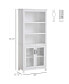 Фото #3 товара 71" Bookcase Storage Hutch Cabinet with Adjustable Shelves and Glass Doors for Home Office, Kitchen, Living Room, White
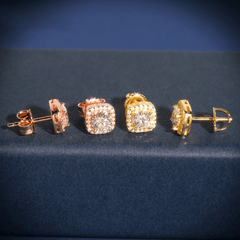 GL Hiphop Jewelry 925 Sterling Silver VVS Round Cut Moissanite Stud Earring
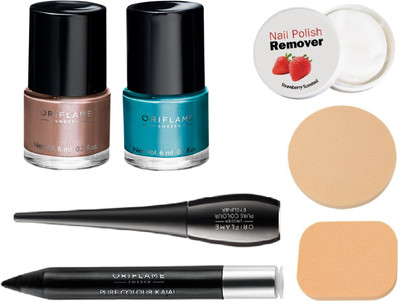 

Oriflame Sweden Pure Colour Mini Nail Paint (2 Pcs), Kajal & Eyeliner Combo(Set of 4)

Exercise description:
Since the pictures are not wanted, repeat only the rest of the material, exactly as given.

Task answer:
 Фото #3 товара 71" Bookcase Storage Hutch Cabinet with Adjustable Shelves and Glass Doors for Home Office, Kitchen, Living Room, White
 GL Hiphop Jewelry 925 Sterling Silver VVS Round Cut Moissanite Stud Earring

Oriflame Sweden Pure Colour Mini Nail Paint (2 Pcs), Kajal & Eyeliner Combo(Set of 4)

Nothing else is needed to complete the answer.